De manera visual se puede observar que los capacitores estan enbuen estado, solo esperaba saber si este tipo de problemas era con algun filtro o diodos que estuviese fallando, porq estuve revisando el cable principal y se encuentra en buenas condiciones de todos aqui les dejo fotos de las placas a ver en que me pueden ayudar Gracias!


----------



## Hatman23 (Dic 12, 2017)

Yo tuve un problema con uno parecido, sonaba bajo y pensé que era el IC de audio, pero al cambiarlo por otro seguía igual así que revise la alimentación y en problema se hallaba en la rama negativa, cuando se le conectaba una pequeña carga se caía el voltaje. El problema en si se encontraba en un diodo rectificador, lo cambie y quedo funcionando correctamente. Debes revisar si la alimentación es la correcta cuando intentas subir el volumen, ese modelo viene con dos tipos de alimentación si es por usb seguramente el IC de audio tipo Clase D este dañado y si se alimenta con una fuente exterior deberías verificar los voltajes que llegan al IC.


----------



## Caralcasma (Dic 13, 2017)

Hatman23 dijo:


> Yo tuve un problema con uno parecido, sonaba bajo y pensé que era el IC de audio, pero al cambiarlo por otro seguía igual así que revise la alimentación y en problema se hallaba en la rama negativa, cuando se le conectaba una pequeña carga se caía el voltaje. El problema en si se encontraba en un diodo rectificador, lo cambie y quedo funcionando correctamente. Debes revisar si la alimentación es la correcta cuando intentas subir el volumen, ese modelo viene con dos tipos de alimentación si es por usb seguramente el IC de audio tipo Clase D este dañado y si se alimenta con una fuente exterior deberías verificar los voltajes que llegan al IC.



Gracias por tu aporte Hatman, me gustaria que me pudieses explicar como identificar l IC de audio porque soy algo nuevo en la rama de la electronica y aunque tengo algo de conocimiento aun se me hace un poco complicado manejar los terminos estuve buscando pero no consegui nada al respecto, y ese diodo rectificador que cambiaste cual era? porque probe 4 que estan en la placa y al parecer estan en perfecto estado, aunque tengo una duda tambien en la misma como se puede apreciar en la foto hay varias resistencias y ellas tienen continuidad probandolas tanto de un lado como del otro,tengo entendido que las resistencias como los diodos deben tener continuidad de una manera y al invertirlas no, si me puedes aclarar esa duda tambien lo agradeceria.


----------



## DOSMETROS (Dic 13, 2017)

Caralcasma dijo:


> me gustaria que me pudieses explicar como identificar l IC de audio


 
Es el que está debajo de la chapa esa (disipador) , sólo desuelda la chapa para poder ver el nombre del integrado.
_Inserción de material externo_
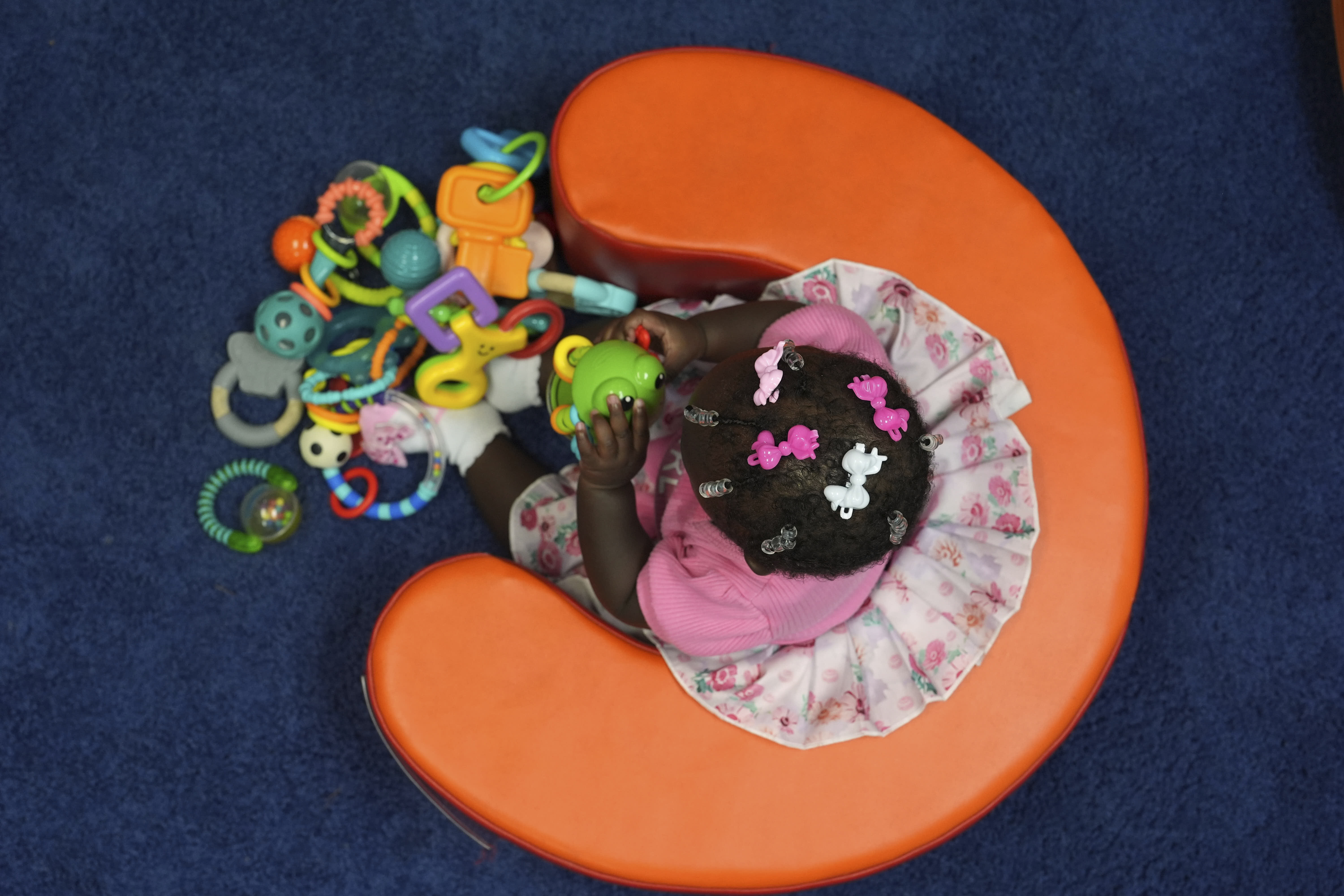 A preschooler plays in a classroom during a Head Start program.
No desueldes el integrado todavía ! 




Caralcasma dijo:


> hay varias resistencias y ellas tienen continuidad probandolas tanto de un lado como del otro,


 
Eso es correcto, deben medir igual en ambos sentidos , si que queda duda por diferencia entre valor medido y valor  del códogo de colores , hay que desoldar levantar una punta.




Caralcasma dijo:


> tengo entendido que las resistencias como los diodos deben tener continuidad de una manera y al invertirlas no, si me puedes aclarar esa duda tambien lo agradeceria.


 
No, eso es válido solo para díodos y transistores.


¿ Que voltaje mides en ese capacitor negro grande que dice 2.200 uF 16 V ?
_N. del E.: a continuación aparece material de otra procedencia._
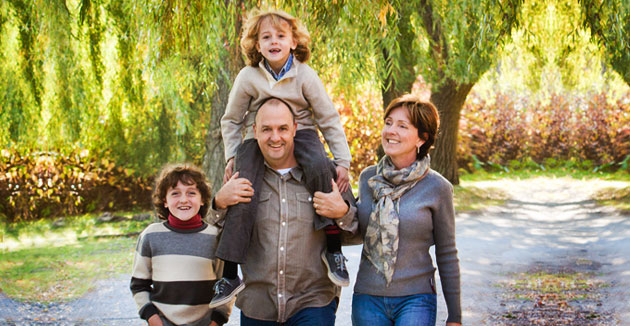 Family walking in Toogood Pond, Markham Real Estate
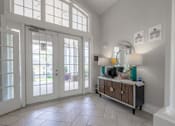 Thumbnail 25 of 48 - A white room with a wooden cabinet and a white pillar at Ellicott Grove, Ellicott City, MD 21043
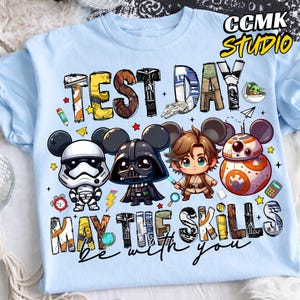 Puede incluir: Camiseta azul claro con las palabras "TEST DAY" y "MAY THE SKILLS be with you". Presenta personajes de dibujos animados, incluyendo Darth Vader, un Stormtrooper y BB-8. La camiseta tiene cuello redondo.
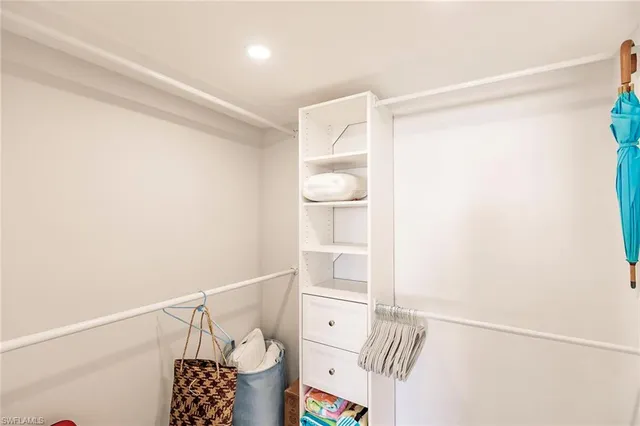 a bedroom with two beds and a window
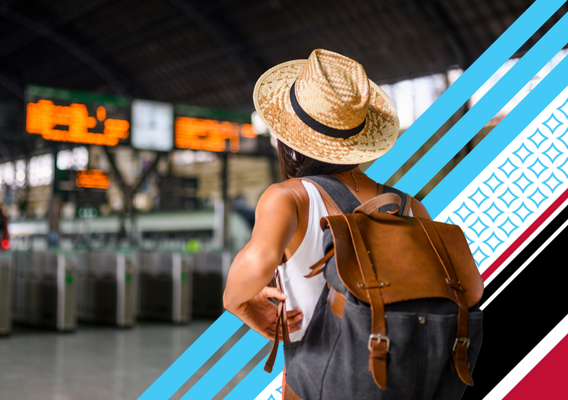 person in a airport looking at a board of flight information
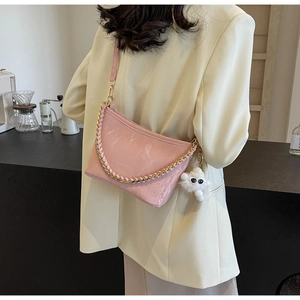 Pink marble pattern bucket bag with gold chain and plush charm detail on a model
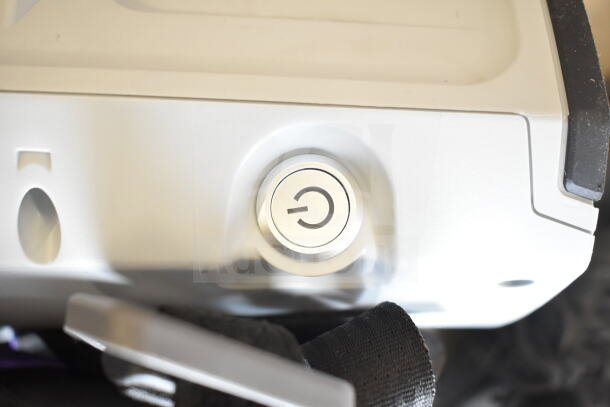 BRAND NEW SCRATCH AND DENT! ProTeam GoFit® 6 Qt. Cordless Vacuum with 4.0 Ah battery and Xover Wand Kit; close-up of power button.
¿ Que nombre tiene el integrado negro cuadrado de 8 patitas ?


----------



## Caralcasma (Dic 14, 2017)

¿ Que voltaje mides en ese capacitor negro grande que dice 2.200 uF 16 V ?

es posible medir el voltaje con un voltimetro analogico? 
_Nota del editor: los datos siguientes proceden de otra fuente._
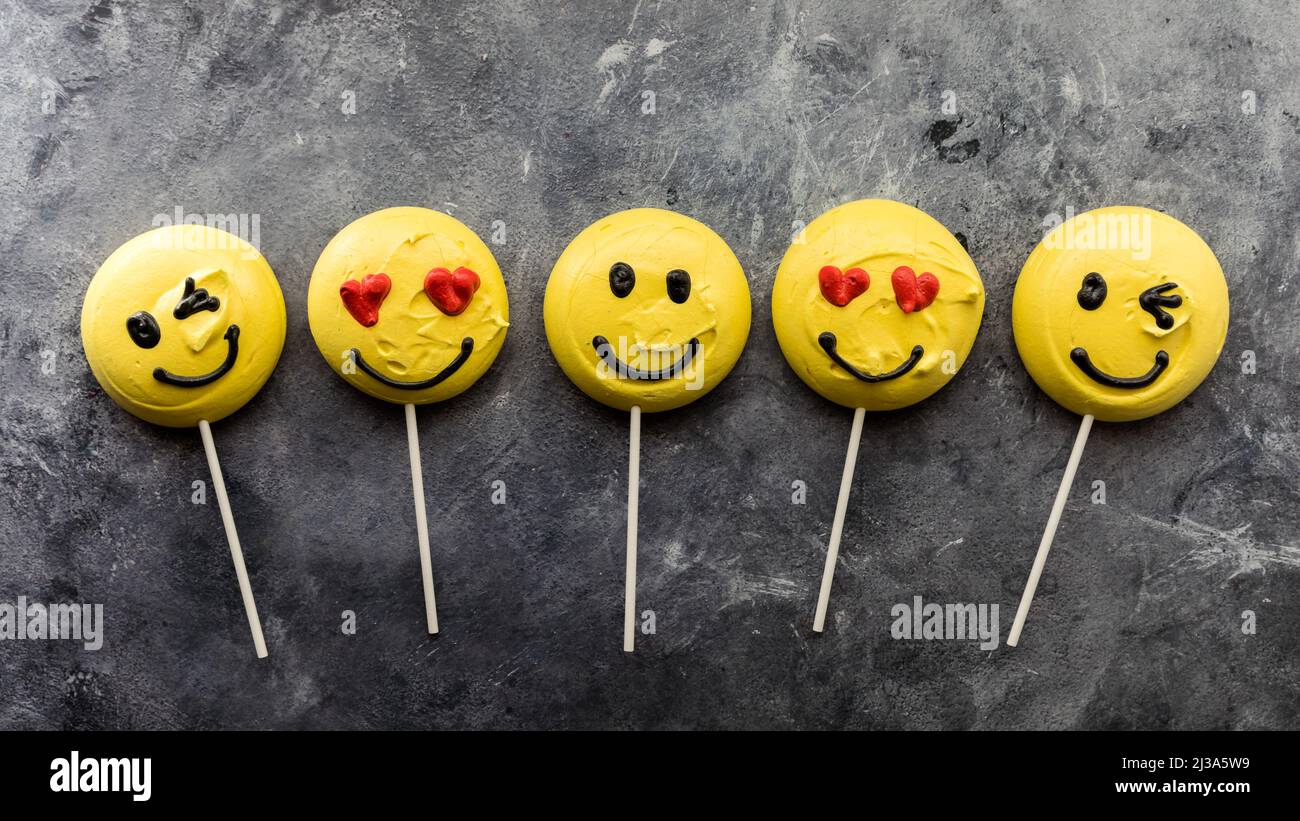 A row of smiley face emoji merengues on lollipop sticks. Stock Photo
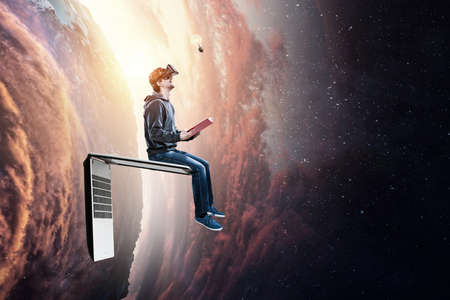 Virtual reality experience, young man in VR glasses. Mixed media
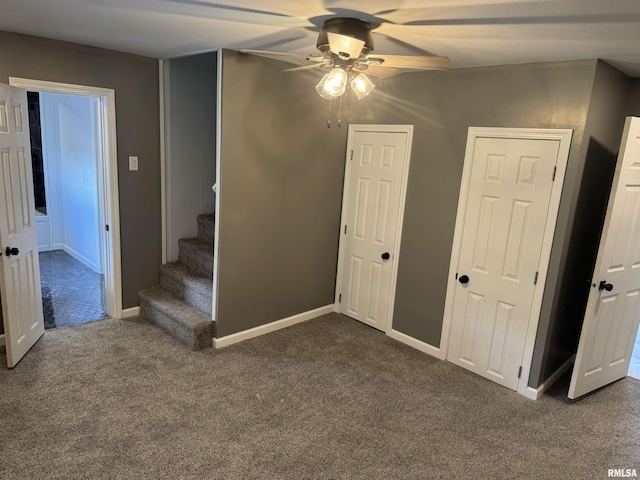 6984 Washington St, Mulkeytown, IL 62865 - empty room featuring ceiling fan, dark colored carpet, stairs, and baseboards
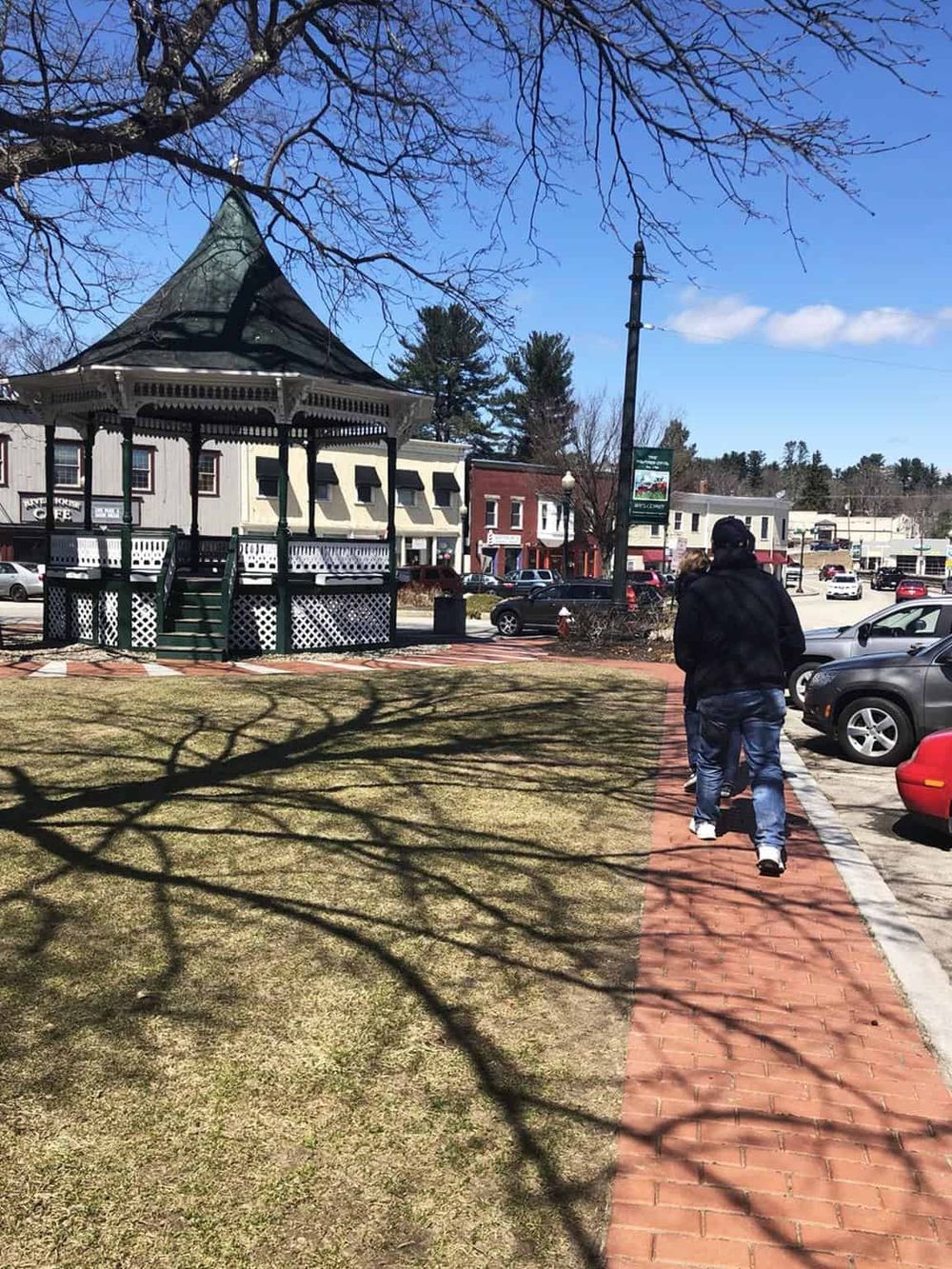 Charming downtown park with gazebo, brick walkway, and nearby shops and parking.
¿ Que nombre tiene el integrado negro cuadrado de 8 patitas ?[/QUOTE]

SJ2822M9
S8325

son los datos que pude apreciar en el integrado que me dices


----------



## DOSMETROS (Dic 14, 2017)

Si con un voltímetro analógico  de hasta 50 V

El integrado es un clásico tda2822m


----------



## Caralcasma (Dic 14, 2017)

DOSMETROS dijo:


> Si con un voltímetro analógico  de hasta 50 V
> 
> El integrado es un clásico tda2822m



La manera de probar el capacitor es dandole carga con una bateria y luego probarlo con el voltimetro a ver si manda el mismo voltaje de la bateria no? o bueno por lo menos es la manera que he visto que se puede hacer si no se tiene un capacimetro.

Hay alguna manera de probar estos integrados para saber si estan en buenas condiciones?


----------



## DOSMETROS (Dic 15, 2017)

No estamos probando el capacitor , sino si le llega tensión-voltaje desde la fuente.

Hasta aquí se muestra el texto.